In Salem, Oregon, where several members of my old band, “The Morning Reign” had attended Willamette University, guys with long hair were few and far between. But in the band, not to be outdone by those Frisco outfits, our hair was going south. Toward the nape of our necks, and then further, God forbid, to shoulder length, seldom seen on the streets of the Capitol.

When we were all together, performing, or doing things bands do, like eating at Denny’s, or picking up guitar strings at the music store, it wasn’t a problem. But go to Denny’s by yourself, in Salem, or say, a smaller city nearby, like Silverton, or Gervais, and you were taking your life in your hands. Older men, especially, didn’t dig the long hair look, and derogatory comments were usual. And not always little digs like, “Hey girly, you need a haircut”, but a few times, “Hey Bob, II see you got your knife there on your belt, whad’ya say we take this little girly man out back and cut his hair for him”, that kind of thing, sorta scary. And during a meal at a Chinese restaurant with my former spouse, and my baby daughter Stacey, who was in a high chair, a man came right up to the table, and told me “you look fuckin’ ridiculous. Get that hair cut, before somebody does it for ya.’’


Once, during a recording session in Seattle at Jerden Records, the six of us left the studio for lunch, sporting our Beatle cuts. Walking under the monorail, looking for a lunch counter, we passed a middle aged woman, walking with a friend. She was well dressed, a shopper. Suddenly, her eyes grew wide, and she did a little back-step, and said disgustedly, seriously, loudly, to make her point, while spying us all......” Whellllllll! How close is this to the cannibals?” Now, something like that, you just don’t forget. It was funny, sure, but who likes to be put down like that, really?

It pissed me off. But what are ya gonna do? We were sort of into the tie dye, head band, pot smokin’ peace and love groove ourselves, so I guess we should have expected some flak. But truly, we were all very nice boys in our early twenties, educated, kind-hearted. I, myself, was already a concerned parent, and completely smitten by my baby daughter.

Many times, travelling around Oregon, Washington, California, or Idaho, we would arrive in some small town, to play a gig, early.
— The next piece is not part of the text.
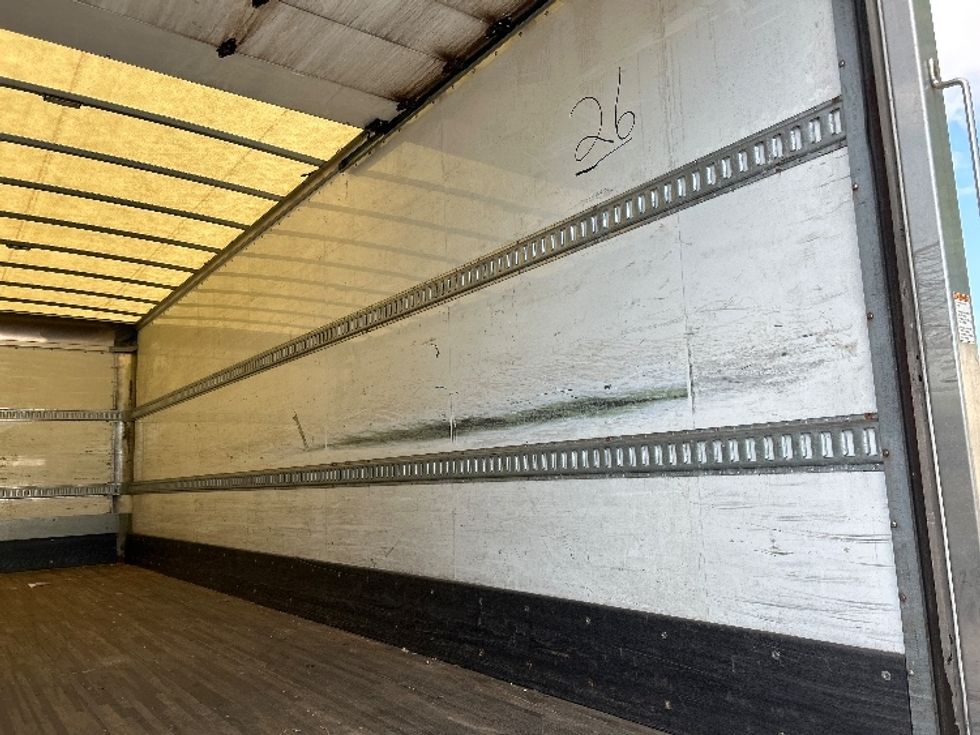 Medium Duty Box Truck-Light and Medium Duty Trucks-International-2020-MV607-Harrisburg-PA-342,455\n\t\tmiles-$ 22,000 - Image 12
Once, in Roseburg, Oregon, about 1969, we arrived early, and found a park, mid-town, to consume the Herfy’s Burgers we had just bought, relax, and toss the frisbee. A few other kids were in the park, just hanging out. Some were watching us play frisbee. Suddenly, two uniformed Roseburg Police officers approached. We first watched them tell a young couple who had been smooching nearby, “Okay, if you kids wanna trade spit, you’re gonna have to do it somewhere besides this public park”, and then, made the boy fork over his cigarettes. I believe one of our band members was just dumb enough to say something to one of the cops, about their treatment of those kids. It was, I think, what they were hoping for. And so suddenly we were engulfed in a very heated conversation with these two cops, both young, and as I recall, the most vocal of the two of them was a very small man. At some point, he barked, “Well, could your van there stand the vacuum cleaner test?”, meaning, he could vacuum out our van, looking for pot, and bust us. “Hello Mom, Dad, we just signed a recording contract with Capitol, and, uh, we’re in jail”. So we stood there, trying to make some ground with these cops, saying that we were just people like them, it’s not right to pick on us just because we have long hair, and telling them that they were wrong to harrass us, why would they? “Because you put on the uniform, so you have to wear it”, the small cop shouted, all lathered up, red-faced and angry “ and I have seen your kind lyin’ in a gutter and shittin’ on themselves and pissin’ on themselves”. It was unsettling.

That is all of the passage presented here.